Estamos rodeados de fronteras. Para entrar en otro país necesitamos visa, ingresar a diferentes lugares en el mundo solo es posible por autorización y hasta nuestro jardín lo tenemos limitado del terreno del vecino.
En parte haber instaurado ciertos límites ha sido útil para el desarrollo de la civilización; sin embargo, el cuestionamiento de dichas fronteras toma fuerza cuando vemos que empezaron a existir también en el ámbito de lo humano. Comenzamos a dividirnos entre nosotros tomando nuestras diferencias personales, físicas y culturales, como si de barreras geográficas se tratara.
Todos los seres humanos nos hemos visto permeados por este afán de disgregación, tanto que la población LGBT ha sido una de las tantas víctimas de aquello que la mayoría considera “normal” o “aceptable”. Cada ser humano desde su nacimiento pasa por el tamiz de las etiquetas en el cual le ponen algunas y le quitan otras, y el resultado es determinante en su tránsito por este planeta.
Y eso sucede también al interior de cada grupo humano. Tenemos una especialidad en etiquetar, no es un secreto para nadie, ni es un tema nuevo.

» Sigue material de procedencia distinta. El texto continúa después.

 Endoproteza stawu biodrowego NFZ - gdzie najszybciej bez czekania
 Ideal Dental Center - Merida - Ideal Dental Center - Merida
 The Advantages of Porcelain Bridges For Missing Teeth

Altos o bajos, flacos o de gimnasio, tal vez osos; ¿dónde vive?, ¿tiene una carrera o no?, ¿ha salido del país?, cero plumas, 100% serio para otro igual; estos y otro montón de filtros hacen parte del día a día para nosotros los hombres gays.
Ahora bien, si esto no es un tema nuevo, ¿qué es lo que tengo que decir al respecto?

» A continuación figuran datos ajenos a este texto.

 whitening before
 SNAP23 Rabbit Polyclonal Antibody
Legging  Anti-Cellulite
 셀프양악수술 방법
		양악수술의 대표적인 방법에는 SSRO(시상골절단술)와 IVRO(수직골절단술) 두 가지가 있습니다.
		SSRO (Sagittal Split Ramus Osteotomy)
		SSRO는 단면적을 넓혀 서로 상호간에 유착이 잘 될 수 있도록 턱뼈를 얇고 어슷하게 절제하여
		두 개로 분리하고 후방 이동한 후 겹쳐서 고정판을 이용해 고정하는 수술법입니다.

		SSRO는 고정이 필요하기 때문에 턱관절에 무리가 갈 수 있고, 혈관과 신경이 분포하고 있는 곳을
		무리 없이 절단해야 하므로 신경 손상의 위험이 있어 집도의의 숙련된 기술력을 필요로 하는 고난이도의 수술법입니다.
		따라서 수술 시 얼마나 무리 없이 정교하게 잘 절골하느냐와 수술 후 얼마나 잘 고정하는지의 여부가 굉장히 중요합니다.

Como pertenecientes a un grupo determinado por unas orientaciones sexuales “no normalizadas”, hemos sido víctimas de discriminación constante de grupos externos, sumada con la discriminación que se vive entre nosotros mismos; sin embargo, el llamado está en reconocernos no como población LGBT sino como seres humanos y todo lo que esto implica.
Tenemos en común cientos de características: todos lloramos y reímos, soñamos en muchas ocasiones con una carrera o tener una pareja estable, todos tenemos incertidumbres, padres y un país que nos arraiga, con sus procesos culturales particulares. Todos hacemos parte de una misma humanidad, así que, ¿por qué no enfocarnos en lo que tenemos en común con los demás?
Esto es entonces una apología a celebrar las manifestaciones individuales del otro, es un llamado a dejar de lado nuestro pequeñito ego que con su afán de hacernos sentir diferentes y superiores, nos impide valorar la riqueza que se esconde detrás de la diferencia y de la cual podemos aprender muchísimo. Sé que no es fácil, pero sí sé que se puede trabajar… Se debe trabajar… Porque solo cuando reconozcamos que es más lo que nos une que lo que nos diferencia, podremos empezar a salvar la humanidad.